(TO DO) Under this line is a listing; return exactly the lines starting at the one with "The C attribute" and running down to the one with "So when you", and leave out its pictures.

(EXTRACTED MATERIAL)
===

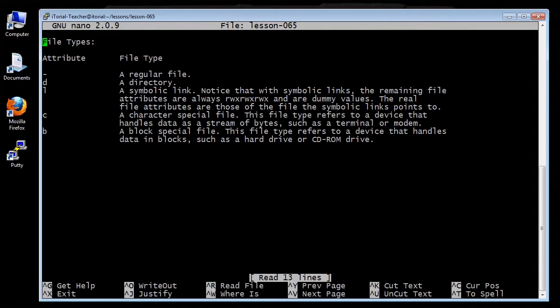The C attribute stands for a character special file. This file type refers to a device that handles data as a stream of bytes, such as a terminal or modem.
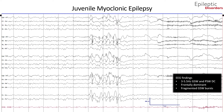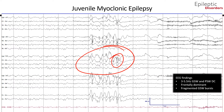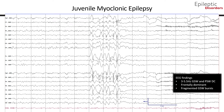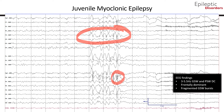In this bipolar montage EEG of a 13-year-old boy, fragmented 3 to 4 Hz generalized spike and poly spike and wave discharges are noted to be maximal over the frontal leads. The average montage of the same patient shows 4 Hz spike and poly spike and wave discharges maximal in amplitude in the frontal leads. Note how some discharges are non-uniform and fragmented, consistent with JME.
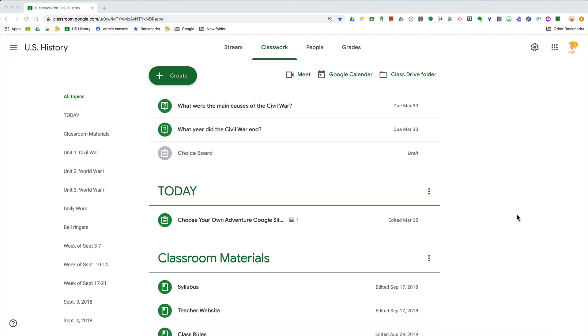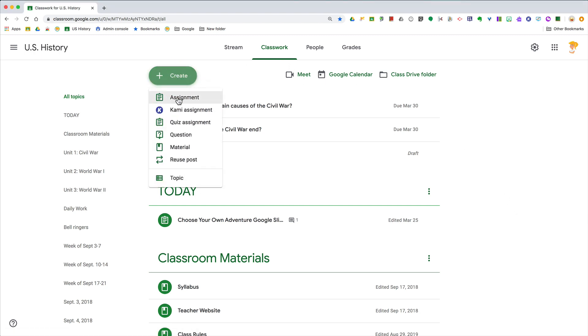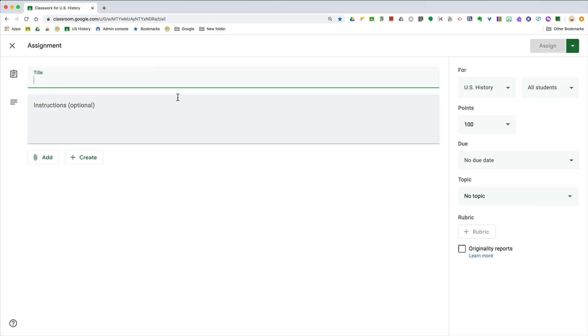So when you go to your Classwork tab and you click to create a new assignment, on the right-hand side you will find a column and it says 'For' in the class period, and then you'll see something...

===

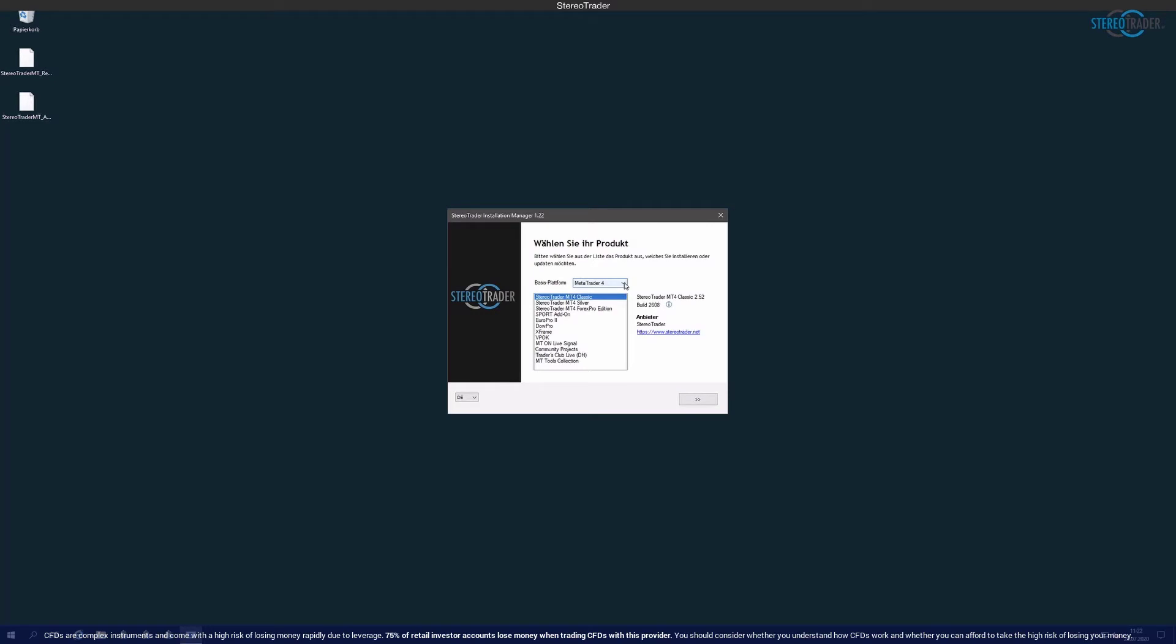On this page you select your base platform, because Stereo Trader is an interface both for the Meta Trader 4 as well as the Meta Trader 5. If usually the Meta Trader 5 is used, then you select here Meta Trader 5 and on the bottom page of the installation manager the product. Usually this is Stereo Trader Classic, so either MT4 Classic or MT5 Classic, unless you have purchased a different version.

===

(COMPLETED TASK)
The C attribute stands for a character special file. This file type refers to a device that handles data as a stream of bytes, such as a terminal or modem.
In this bipolar montage EEG of a 13-year-old boy, fragmented 3 to 4 Hz generalized spike and poly spike and wave discharges are noted to be maximal over the frontal leads. The average montage of the same patient shows 4 Hz spike and poly spike and wave discharges maximal in amplitude in the frontal leads. Note how some discharges are non-uniform and fragmented, consistent with JME.
So when you go to your Classwork tab and you click to create a new assignment, on the right-hand side you will find a column and it says 'For' in the class period, and then you'll see something...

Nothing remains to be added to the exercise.